Authorities are searching for a longtime Inland priest accused

of sexually abusing a 17-year-old girl while assigned to a

Highland church 30 years ago, prosecutors said Thursday.

Monsignor Patrick O'Keeffe, 67, was charged last month with 15

felony counts of oral copulation with a minor stemming from his

alleged 1972 involvement with a parishioner at St. Adelaide

Catholic Church, the San Bernardino County district attorney's

office said.

It was unclear where the alleged sex acts may have occurred, and

information about O'Keeffe's accuser, now an adult, was not

released.

O'Keeffe, a Laguna Niguel resident, spent 35 years in the Diocese

of San Bernardino. He was dismissed from all parish duties in 1994

after the diocese settled a lawsuit brought by one of three adult

women who had accused O'Keeffe of sexual misconduct, said the Rev.

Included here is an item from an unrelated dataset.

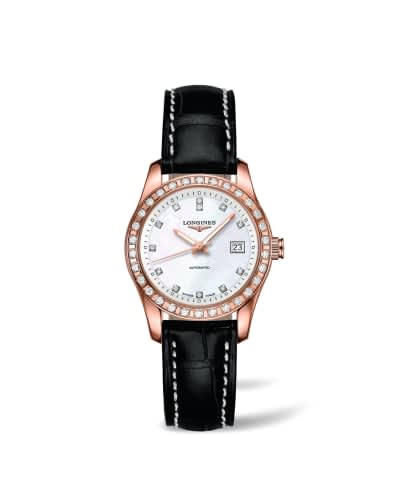 Longines Conquest Classic Automatic 29.5 Red Gold / Diamond / MOP
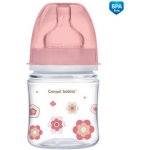 Canpol babies Antikoliková láhev se širokým hrdlem Newborn Růžová 120ml – Zboží Dáma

Howard Lincoln, spokesman for the diocese encompassing Riverside

and San Bernardino counties.

An arrest warrant for O'Keeffe was issued July 18, the day

prosecutors filed charges against him. His whereabouts are unknown,

San Bernardino County sheriff's Sgt. Jack Trotter said.

Detectives have been trying to find the priest for nearly a

month and have not been able to question him about the

allegations, Trotter said, adding he does not believe O'Keeffe

is hiding from authorities.

***

'A religious man'

Parishioners at St. Adelaide Catholic Church who remember

O'Keeffe still occasionally talk about him, said Peggy Kluge, who

sometimes attended Mass there during O'Keeffe's tenure and has

since joined the congregation.

"I thought he was a good priest," said Kluge, who lives in

Highland. "He seemed to me to be a very religious man. He was

popular with everyone, very personable."

St. Adelaide had a congregation of nearly 700 families during

O'Keeffe's tenure, according to a church annual printed in 1981.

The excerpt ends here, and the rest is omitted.